Yapılan istatistiklere göre, sokakta yaşayan çocukların sayısı 2213 tür. Bu sayı onların ne şartlarda yaşadığının, inanılmaz permütasyonlarına ışık tutuyor.  Size, İstanbul Barosu’nun bilgilerinden bir kısmını, aktarmak istiyorum.

* 1990-2003 yılları arasında 544 mayın patlamasında 284 çocuk yaşamını yitirdi, 253’ü de yaralandı.
* 2003 yılında işkence gördüğü tespit edilen 779 kişiden 96’sı çocuktu.
* 2003 yılında şiddet içeren 109 bin olayda 10 bin 383 çocuk fiziki ve manevi zarar gördü.
* 2003 yılında aile içinde yaşanan 5.142 şiddet olayında 424 çocuk şiddete maruz kalarak yaralandı.
* 2003 yılında polis tarafından haklarında işlem yapılan çocuk sayısı 83 bin 249 olarak tespit edildi.
* 2003 yılında 57 bin 587 çocuğun bağımlılık içeren madde kullandığı tespit edildi.
* 2003 yılında 640 bin kız çocuğu okula gönderilmeyerek eğitim hakkından mahrum kaldı.
* Türkiye'de ilköğretime devam oranı kız çocuklarının yüzde 69 erkek çocukların yüzde 73, ortaöğretime kayıt oranı ise kızlarda yüzde 48, erkeklerde yüzde 67.*

İçiniz daralmıştır umarım.  Ama bunlarla bitmiyor.

* Hiç aşı olmayan çocuk sayısı yüzde 4, 12-23 aylık bebeklerin ise yalnızca yüzde 41'i aşılı.
* Türkiye'de her üç çocuktan biri sağlıklı beslenemediği için gelişme ve büyüme bozukluğu içinde.
* 4-18 yaşları arasındaki çocuk nüfusu içinde 1 milyon 100 bin özürlü çocuk bulunuyor. 45 bin görme, 130 bin işitme, 500 bin zihinsel, 300 bin hareket engelleri olan özürlü çocuklar için verilen eğitim ise yetersiz.

* Türkiye'de 6-18 yaş grubundaki çalışan çocuk sayısı 6 milyon sınırında, çalışan çocukların yüzde 30'u okula gitmiyor.
* Türkiye'de koruma altındaki çocuk sayısı 16 bin 595, çocuğa karşı işlenen suçlarda son 5 yıldaki artış yanında çocukların işlediği suçlarda da artış olmuştur.
* Türkiye'de çocuk ihmali ve istismarı yaygın.

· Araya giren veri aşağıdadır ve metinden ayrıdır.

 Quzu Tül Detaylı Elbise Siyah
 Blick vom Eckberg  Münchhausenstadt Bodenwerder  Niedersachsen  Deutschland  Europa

Çocuk istismarının en yüksek oranını psikolojik ve fiziksel istismar türleri oluşturuyor. Çocuklar reklâm, müzik ve gösteri dünyasında yoğun bir şekilde tecimsel yaklaşımlarla istismar ediliyor.'

2213 bir film ismi değil, ama uzun bir roman olacak kadar, kısa bir isim.